AMD have said the driver brings performance benefits in several cases where framerates are CPU limited and using ATI Stream technology, owners of the ATI Radeon HD 4000 Series, ATI Radeon HD 3000 Series, and ATI Radeon HD 2000 Series of graphics accelerators will see a performance boost in their Folding@Home scores when running the latest Folding@Home client. AMD only documented one performance improvement in the release notes:


Lost Planet: Colonies gains up to 20% on 4800 series products, and up to 50% on 4600, 4500 and 4300 series products

*DOWNLOAD*: ATI Catalyst version 9.3 for Windows XP/Vista/7 (32/64-bit versions)

*View at TechPowerUp Main Site*


----------



## alexp999 (Mar 18, 2009)

Thanks to ilpalmare


----------



## TheMailMan78 (Mar 18, 2009)

This will help my CPU bottleneck.


----------



## Marineborn (Mar 18, 2009)

hmmm, the list of improvments are good, but i have been having nothing but luck with my 9.2 ill give the 9.3's a run thought


----------



## TheMailMan78 (Mar 18, 2009)

alexp999 FYI that was just an example the posted with Lost Planet. The big improvement is....



> Catalyst™ 9.3 brings performance benefits in several cases where framerates are CPU-
> limited.


----------



## JATownes (Mar 18, 2009)

I'll have to try these when I get home this evening, but I also have had nothing but good luck with 9.2


----------



## alexp999 (Mar 18, 2009)

TheMailMan78 said:


> alexp999 FYI that was just an example the posted with Lost Planet. The big improvement is....



Updated, thanks.


----------



## ilpalmare (Mar 18, 2009)

Tonight i try this new driver ^_^ I return with results


----------



## Nosada (Mar 18, 2009)

alexp999 said:


> ...owners of the ATI Radeon HD 4000 Series, ATI Radeon HD 3000 Series, and ATI Radeon HD 2000 Series of graphics accelerators will see a performance boost in their Folding@Home scores when running the latest Folding@Home client.


Anyone noticing any truth to this?


----------



## csendesmark (Mar 18, 2009)

Yeah!
*DXVA* support is working, again!


----------



## kiriakost (Mar 18, 2009)

" Catalyst AGP Hotfix - Radeon HD 3000 and Radeon HD 2000 Series AGP " 
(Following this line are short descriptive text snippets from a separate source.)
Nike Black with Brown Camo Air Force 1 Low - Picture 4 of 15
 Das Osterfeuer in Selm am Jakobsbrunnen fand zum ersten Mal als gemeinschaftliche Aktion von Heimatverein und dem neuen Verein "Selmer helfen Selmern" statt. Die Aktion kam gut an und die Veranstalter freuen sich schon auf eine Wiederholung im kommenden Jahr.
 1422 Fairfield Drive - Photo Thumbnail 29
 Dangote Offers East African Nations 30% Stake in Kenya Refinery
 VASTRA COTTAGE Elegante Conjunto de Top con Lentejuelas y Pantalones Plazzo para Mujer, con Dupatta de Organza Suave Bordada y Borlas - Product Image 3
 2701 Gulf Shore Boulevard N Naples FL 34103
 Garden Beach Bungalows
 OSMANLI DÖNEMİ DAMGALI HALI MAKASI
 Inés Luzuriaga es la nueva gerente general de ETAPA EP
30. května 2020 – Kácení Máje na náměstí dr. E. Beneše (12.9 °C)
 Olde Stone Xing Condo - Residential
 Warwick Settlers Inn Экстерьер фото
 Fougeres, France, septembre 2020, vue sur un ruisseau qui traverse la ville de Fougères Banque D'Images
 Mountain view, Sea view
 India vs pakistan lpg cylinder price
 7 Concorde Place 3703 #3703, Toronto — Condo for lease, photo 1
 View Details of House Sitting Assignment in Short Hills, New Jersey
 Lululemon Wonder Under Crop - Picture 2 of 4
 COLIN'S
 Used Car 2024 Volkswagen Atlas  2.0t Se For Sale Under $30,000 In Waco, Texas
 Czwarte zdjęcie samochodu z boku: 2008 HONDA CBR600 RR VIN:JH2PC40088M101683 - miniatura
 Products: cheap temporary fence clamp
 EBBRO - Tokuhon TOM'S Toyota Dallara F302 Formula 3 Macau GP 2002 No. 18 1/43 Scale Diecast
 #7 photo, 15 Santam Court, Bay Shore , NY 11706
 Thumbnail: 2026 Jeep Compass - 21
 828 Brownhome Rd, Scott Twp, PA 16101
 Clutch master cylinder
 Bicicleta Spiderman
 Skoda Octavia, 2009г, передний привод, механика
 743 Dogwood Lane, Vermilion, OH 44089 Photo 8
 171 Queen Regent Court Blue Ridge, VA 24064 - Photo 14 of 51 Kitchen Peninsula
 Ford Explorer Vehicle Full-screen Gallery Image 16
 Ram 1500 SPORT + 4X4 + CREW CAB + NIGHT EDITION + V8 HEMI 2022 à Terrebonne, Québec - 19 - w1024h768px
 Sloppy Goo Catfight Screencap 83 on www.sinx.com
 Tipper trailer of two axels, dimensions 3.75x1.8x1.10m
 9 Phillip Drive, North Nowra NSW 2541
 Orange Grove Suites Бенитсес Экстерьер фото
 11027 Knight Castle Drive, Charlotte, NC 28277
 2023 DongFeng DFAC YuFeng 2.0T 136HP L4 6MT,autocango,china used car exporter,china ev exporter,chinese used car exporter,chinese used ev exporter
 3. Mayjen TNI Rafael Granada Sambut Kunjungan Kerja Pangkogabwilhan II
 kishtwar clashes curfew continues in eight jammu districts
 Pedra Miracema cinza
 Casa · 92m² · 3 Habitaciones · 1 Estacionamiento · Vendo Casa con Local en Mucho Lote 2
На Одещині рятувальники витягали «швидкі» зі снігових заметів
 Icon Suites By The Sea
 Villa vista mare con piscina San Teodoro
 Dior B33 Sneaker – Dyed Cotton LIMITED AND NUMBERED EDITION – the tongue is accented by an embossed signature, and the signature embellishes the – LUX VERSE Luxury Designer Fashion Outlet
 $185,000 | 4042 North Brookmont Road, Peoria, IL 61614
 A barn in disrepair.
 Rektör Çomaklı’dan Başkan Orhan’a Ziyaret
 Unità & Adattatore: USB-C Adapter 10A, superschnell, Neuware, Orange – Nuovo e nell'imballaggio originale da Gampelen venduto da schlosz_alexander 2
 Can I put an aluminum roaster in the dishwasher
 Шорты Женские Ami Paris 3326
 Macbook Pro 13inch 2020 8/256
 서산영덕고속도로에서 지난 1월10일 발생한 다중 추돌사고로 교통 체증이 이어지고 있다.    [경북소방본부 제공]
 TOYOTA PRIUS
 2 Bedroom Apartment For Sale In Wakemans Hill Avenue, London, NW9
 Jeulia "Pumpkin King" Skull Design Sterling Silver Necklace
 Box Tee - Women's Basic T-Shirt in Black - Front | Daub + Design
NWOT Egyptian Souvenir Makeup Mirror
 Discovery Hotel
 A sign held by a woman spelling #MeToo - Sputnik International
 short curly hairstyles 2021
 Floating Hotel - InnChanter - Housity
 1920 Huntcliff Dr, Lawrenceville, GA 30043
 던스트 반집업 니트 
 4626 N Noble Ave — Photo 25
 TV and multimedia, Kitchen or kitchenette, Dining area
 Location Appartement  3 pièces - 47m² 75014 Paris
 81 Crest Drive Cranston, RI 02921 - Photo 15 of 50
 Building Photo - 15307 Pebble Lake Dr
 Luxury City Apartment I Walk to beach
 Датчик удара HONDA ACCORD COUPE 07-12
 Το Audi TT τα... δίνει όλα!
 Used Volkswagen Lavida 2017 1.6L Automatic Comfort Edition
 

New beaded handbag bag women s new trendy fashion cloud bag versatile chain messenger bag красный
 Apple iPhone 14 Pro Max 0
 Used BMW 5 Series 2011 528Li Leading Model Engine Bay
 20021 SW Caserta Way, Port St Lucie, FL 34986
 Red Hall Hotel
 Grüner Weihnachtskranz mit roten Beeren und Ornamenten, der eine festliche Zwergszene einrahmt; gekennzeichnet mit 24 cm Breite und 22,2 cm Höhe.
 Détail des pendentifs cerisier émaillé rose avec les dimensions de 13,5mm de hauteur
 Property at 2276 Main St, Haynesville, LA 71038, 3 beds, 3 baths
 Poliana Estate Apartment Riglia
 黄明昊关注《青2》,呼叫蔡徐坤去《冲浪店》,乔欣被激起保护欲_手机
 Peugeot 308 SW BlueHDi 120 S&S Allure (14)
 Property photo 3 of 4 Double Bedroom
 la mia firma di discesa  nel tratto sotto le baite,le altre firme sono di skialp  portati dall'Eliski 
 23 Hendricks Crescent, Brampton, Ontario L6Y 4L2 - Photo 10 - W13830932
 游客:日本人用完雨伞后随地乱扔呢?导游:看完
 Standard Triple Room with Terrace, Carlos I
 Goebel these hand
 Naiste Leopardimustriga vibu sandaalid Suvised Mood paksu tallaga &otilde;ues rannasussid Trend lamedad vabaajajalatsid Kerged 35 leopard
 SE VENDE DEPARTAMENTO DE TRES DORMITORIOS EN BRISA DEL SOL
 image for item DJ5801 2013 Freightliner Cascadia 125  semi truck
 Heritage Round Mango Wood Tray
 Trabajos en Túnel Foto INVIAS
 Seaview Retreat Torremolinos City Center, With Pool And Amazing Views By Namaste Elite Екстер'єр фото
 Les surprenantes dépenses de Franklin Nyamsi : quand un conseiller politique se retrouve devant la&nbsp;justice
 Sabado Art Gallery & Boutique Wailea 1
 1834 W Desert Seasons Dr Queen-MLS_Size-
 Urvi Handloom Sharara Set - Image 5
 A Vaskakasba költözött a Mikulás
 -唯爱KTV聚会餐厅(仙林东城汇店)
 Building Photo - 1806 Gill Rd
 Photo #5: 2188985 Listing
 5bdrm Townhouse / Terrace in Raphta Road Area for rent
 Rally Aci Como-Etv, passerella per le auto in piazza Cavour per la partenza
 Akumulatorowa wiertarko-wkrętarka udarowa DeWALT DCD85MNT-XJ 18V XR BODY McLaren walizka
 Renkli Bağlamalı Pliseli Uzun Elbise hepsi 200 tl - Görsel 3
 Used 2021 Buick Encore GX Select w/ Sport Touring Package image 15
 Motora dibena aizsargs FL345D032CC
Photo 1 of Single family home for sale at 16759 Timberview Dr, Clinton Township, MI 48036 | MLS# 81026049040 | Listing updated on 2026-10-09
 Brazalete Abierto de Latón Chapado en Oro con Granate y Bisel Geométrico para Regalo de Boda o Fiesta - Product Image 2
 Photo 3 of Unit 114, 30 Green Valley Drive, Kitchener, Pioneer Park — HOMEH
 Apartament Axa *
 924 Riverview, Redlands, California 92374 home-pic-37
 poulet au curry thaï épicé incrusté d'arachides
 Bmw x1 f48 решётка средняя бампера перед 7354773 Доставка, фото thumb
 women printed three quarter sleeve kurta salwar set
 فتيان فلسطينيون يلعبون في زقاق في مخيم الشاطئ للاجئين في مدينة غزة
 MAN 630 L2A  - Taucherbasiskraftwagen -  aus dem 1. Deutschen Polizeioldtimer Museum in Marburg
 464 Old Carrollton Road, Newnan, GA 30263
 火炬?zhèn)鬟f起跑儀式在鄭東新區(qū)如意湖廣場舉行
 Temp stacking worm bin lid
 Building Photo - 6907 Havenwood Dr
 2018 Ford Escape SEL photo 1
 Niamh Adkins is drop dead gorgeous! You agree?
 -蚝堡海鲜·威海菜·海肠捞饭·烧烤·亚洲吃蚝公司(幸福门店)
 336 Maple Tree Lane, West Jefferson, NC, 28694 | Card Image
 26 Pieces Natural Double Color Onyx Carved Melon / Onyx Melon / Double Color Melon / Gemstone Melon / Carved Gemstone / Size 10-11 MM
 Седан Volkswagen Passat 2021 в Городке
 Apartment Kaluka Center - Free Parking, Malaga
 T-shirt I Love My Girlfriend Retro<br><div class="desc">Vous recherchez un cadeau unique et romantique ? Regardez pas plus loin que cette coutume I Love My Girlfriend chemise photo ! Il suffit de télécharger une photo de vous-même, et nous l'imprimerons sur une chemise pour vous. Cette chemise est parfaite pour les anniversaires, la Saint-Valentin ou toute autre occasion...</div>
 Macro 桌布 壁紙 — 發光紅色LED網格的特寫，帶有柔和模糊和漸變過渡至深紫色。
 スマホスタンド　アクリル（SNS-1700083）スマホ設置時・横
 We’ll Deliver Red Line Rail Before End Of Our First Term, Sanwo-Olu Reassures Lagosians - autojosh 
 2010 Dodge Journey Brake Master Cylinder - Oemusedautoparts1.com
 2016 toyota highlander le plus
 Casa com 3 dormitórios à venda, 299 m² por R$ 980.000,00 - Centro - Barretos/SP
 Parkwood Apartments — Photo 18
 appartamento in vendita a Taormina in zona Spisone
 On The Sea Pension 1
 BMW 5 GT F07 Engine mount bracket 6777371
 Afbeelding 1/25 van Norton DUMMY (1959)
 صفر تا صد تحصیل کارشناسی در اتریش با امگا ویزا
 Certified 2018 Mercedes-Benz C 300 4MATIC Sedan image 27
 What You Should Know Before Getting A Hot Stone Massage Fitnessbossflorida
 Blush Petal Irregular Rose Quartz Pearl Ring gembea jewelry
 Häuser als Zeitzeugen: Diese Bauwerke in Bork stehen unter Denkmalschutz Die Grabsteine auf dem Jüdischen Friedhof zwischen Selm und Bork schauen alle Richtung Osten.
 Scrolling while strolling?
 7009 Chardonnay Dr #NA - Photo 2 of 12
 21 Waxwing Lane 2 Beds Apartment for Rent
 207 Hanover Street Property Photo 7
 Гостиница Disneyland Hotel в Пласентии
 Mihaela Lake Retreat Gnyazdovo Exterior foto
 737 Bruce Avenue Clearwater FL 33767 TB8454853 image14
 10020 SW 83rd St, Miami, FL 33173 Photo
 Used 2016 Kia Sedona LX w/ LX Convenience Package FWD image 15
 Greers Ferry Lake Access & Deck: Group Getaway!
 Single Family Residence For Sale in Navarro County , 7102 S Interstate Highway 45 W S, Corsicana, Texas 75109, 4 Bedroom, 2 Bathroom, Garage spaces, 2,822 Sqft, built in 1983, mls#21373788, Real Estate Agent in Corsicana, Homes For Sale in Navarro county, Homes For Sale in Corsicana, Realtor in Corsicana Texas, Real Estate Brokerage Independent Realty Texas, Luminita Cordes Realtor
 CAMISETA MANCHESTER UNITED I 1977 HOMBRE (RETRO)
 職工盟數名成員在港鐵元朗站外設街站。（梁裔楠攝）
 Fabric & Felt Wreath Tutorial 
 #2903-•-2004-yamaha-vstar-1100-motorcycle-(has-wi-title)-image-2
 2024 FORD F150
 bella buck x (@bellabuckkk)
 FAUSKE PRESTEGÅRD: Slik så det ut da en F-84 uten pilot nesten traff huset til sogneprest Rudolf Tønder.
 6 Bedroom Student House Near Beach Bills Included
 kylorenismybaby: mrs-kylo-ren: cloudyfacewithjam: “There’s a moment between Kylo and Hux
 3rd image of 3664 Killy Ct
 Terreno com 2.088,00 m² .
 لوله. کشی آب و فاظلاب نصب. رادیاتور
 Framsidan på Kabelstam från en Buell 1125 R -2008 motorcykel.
http://support.amd.com/us/kbarticles/Pages/CatalystAGPHotfix.aspx

Link not updated yet ( Still 9.2 )  .... but here you will find soon,  the new ones .


----------



## TheMailMan78 (Mar 18, 2009)

kiriakost said:


> " Catalyst AGP Hotfix - Radeon HD 3000 and Radeon HD 2000 Series AGP "
> 
> http://support.amd.com/us/kbarticles/Pages/CatalystAGPHotfix.aspx
> 
> Link not updated yet ( Still 9.2 )  .... but here you will find soon,  the new ones .



Let the AGP go. Its over.


----------



## Wile E (Mar 18, 2009)

alexp999 said:


> AMD today released the latest version of their ATI video driver, Catalyst 9.3. The key addition with this release is official support for Windows 7, in the form of a unified graphics driver for Windows 7 and Windows Vista.* As part of supporting Windows 7, Catalyst 9.3 supports WDDM (Windows Display Driver Model) 1.1 for all ATI Radeon HD 4000, HD 3000 and HD 2000 series of graphics cards. According to AMD, "this new WDDM 1.1 support utilizes DirectX 10 rather than DirectX 9 and can cut down your GPU memory usage by half when opening up multiple windows thereby enabling increased performance."*
> 
> AMD have said the driver brings performance benefits in several cases where framerates are CPU limited and using ATI Stream technology, owners of the ATI Radeon HD 4000 Series, ATI Radeon HD 3000 Series, and ATI Radeon HD 2000 Series of graphics accelerators will see a performance boost in their Folding@Home scores when running the latest Folding@Home client. AMD only documented one performance improvement in the release notes:
> 
> ...


That explains why they dropped support for cards prior to the HD2k series.


----------



## kiriakost (Mar 18, 2009)

TheMailMan78 said:


> Let the AGP go. Its over.



You are over ... the AGP will live for about 15 years more  ...


----------



## Wile E (Mar 18, 2009)

kiriakost said:


> You are over ... the AGP will live for about 15 years more  ...



You could only hope. lol.


----------



## kiriakost (Mar 18, 2009)

Wile E said:


> That explains why they dropped support for cards prior to the HD2k series.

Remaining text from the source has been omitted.